Constantinus was a Flemish Benedictine and a leader concerning the work of reunification and the liturgical movement. In 1908 he entered the abbey of Affligem as a Benedictine. From there, he was sent in 1922 to the abbey of Ramsgate and he became the rector of a Abbey of Benedictine Nuns in Eccleshall, with the intention to revive this community.
Pope Pius IX asked, on advise of the Oekrain metropolitan Sceptyckyj, the Benedictines to start the reunification of the churches. In 1925 was Constantinus invited to come to Rome. In the same year he accompanied Mgr. Roncalli (the later pope Johannes XXIII) as a secretary on a visit-trip to Bulgary, what offered him the opportunity to learn the oriental christianity and the Slavic tradition. In 1926 in Belgium two Benedictine Abbeys were founded for the reunification, one in the Walloon territory (in Amay-sur-Meuse, now in Chevetogne) and one in the Flemish territory, where Schotenhof was selected. Cardinal Van Roey judged that only one establishment was enough, so after three years the small community of Schoten was closed.
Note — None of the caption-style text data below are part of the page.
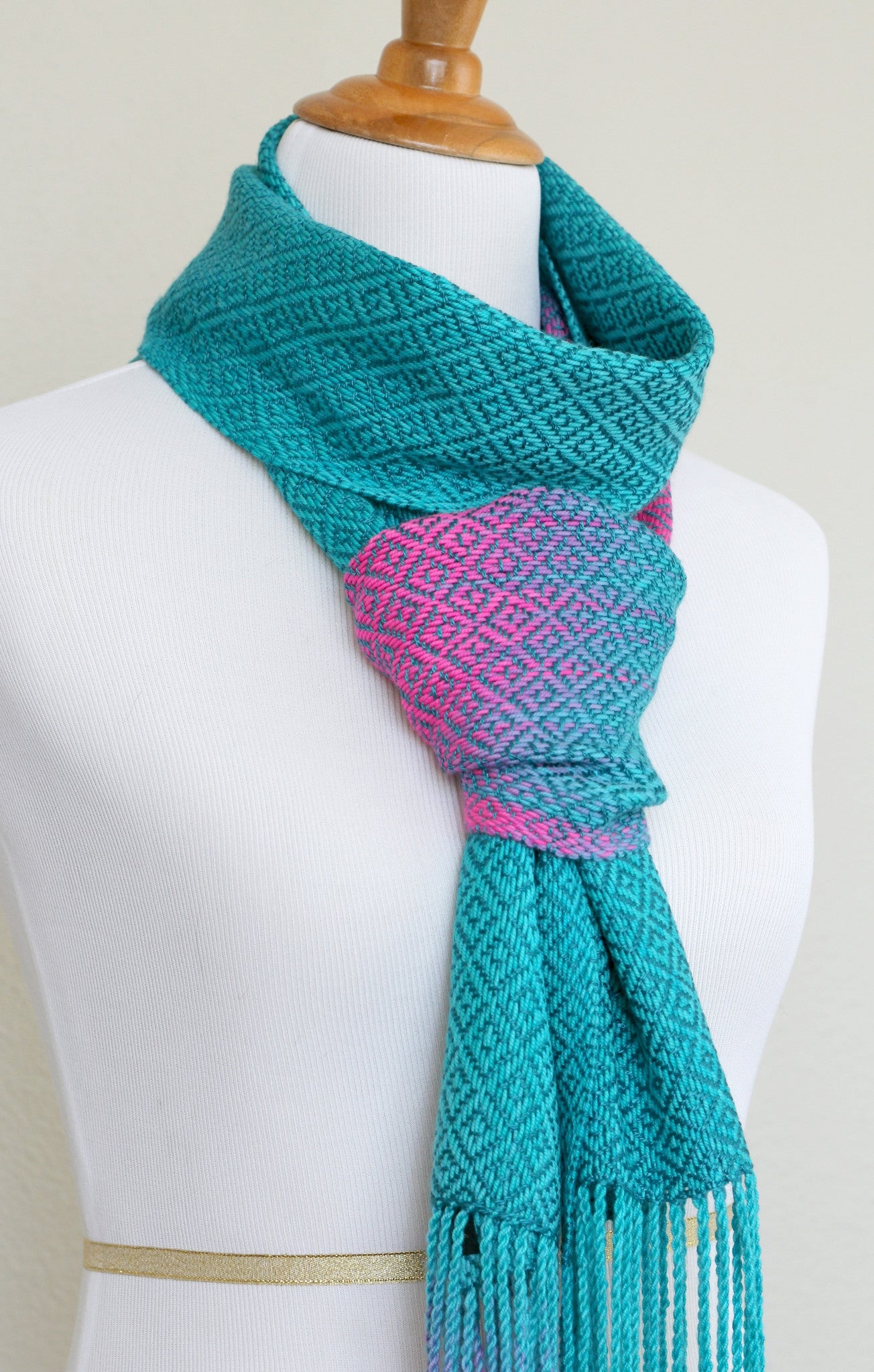 Woven scarf in blue and neon pink with woven pattern and twisted fringe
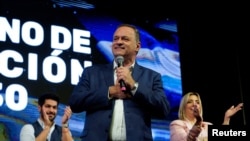 National Party presidential candidate Alvaro Delgado addresses supporters with his running mate Valeria Ripoll and Colorado Party presidential candidate Andres Ojeda following the first exit polls during the general election, in Montevideo, Uruguay October 27, 2024.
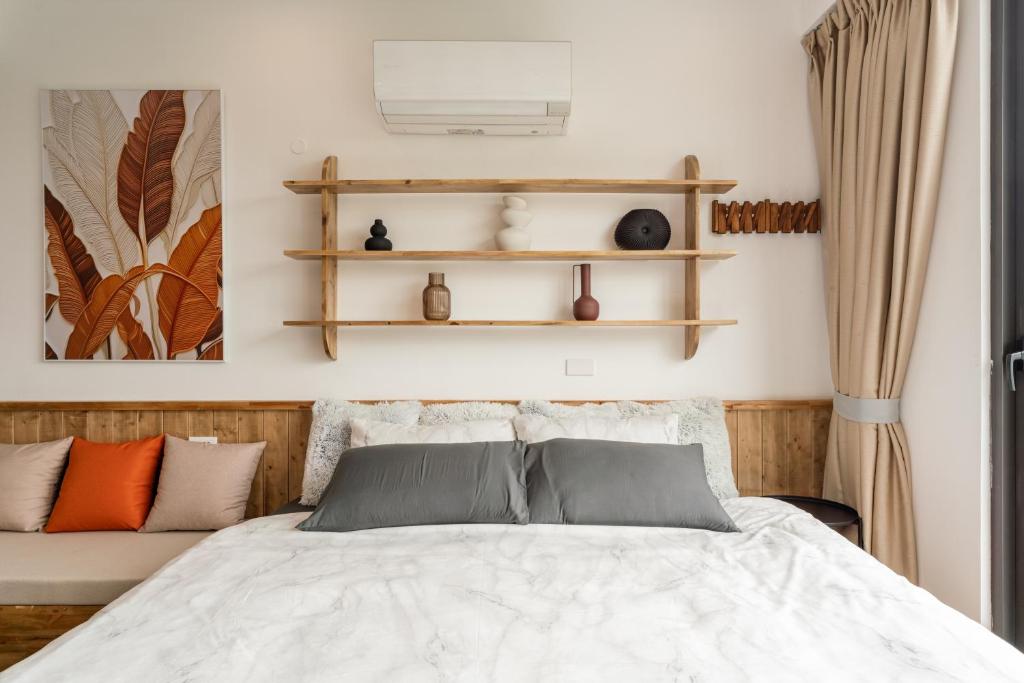 um quarto com uma cama e prateleiras na parede em Homestay CHẤT- Train Street,Self check em Hanói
Constantinus, at that time the prior of Schotenhof, was full of dynamism and initiative power. He started the institution of 'internal' oblates: laymen who devote themselves to the apostolate of the world, but remain under the agreements of a Benedictine Abbey, where they share the life of the community. In order to realize this daring plan, he asked at the sisters of Eccleshall to establish themselves in Schotenshof. They agreed, and so arose in 1926 the priory of Regina Pacis of the Benedictine Nuns in Schotenhof.

The community of Benedictine Nuns had her origin at the beginning of the 19th century, when Marie Chevalier founded a monastery community in Rouen for women under the rule of St. Benedict. From this grew the priory of the Benedictine Nuns of the Immaculate Conception, that in 1892 was affiliated with the congregation of Monte Oliveto. As a consequence of the laws of Combes, in 1901, the sisters had to move from Eccleshall to Bicester in England.
The congregation of Monte Oliveto was founded in the 14th century by the blessed Bernardus Ptolemeus of Siena, who followed the Rule of the Benedictines. The congregation was characterized by a more organic than a federative structure. It had a greater dependence of the main abbey of Oliveto.
The monials had tasks in pastoral, apostolic and social work, but they maintained an authentic monastique lifestyle. The priory of Schoten was first located in the court Ter Donk, but later they moved to the domain of Schotenhof.
Constantinus gave them the motto 'Vita et Pax' to give a new impulse to the ideal of peace and unity of the Benedictines.

On 25 March 1933 Constantinus joined the white dressed Benedictines of Monte Oliveto. The priory was already affiliated. Schotenhof was renamed as the congregation of Sancta Mariae Montis Oliveti. Moniales, also monastique formed laymen, and oblates were permitted for the apostolate in the world. The oblates as well as the monials knew a success, what led to a rising number of vocations (until 35 monials).
In Schotenhof, Constantinus founded new Vita et Pax monasteries in London and Rochester (1936), Ribeirao Preto in Brasil, Fiesole near Florence (1936) and a house of Byzantine ritus in Le Cateau in North France (now in Moustier-en-Fagne near Trélon). Through Constantinus, the entire order was applied to the work of the reunification.
In 1946 Constantinus was consacrated as an Abbot. In that year he also founded in Louvain a Vita et Pax center of Byzantine rite to give young monks a special education for the reunification work.
Shortly before his death Constantinus was dedicated by the congregation for Oriental Rites for the Liturgical Apostolate of the Oriental students of the university of Louvain.
Constantinus was a commander in the order of ‘Sancta Giorgio di Antiochia’.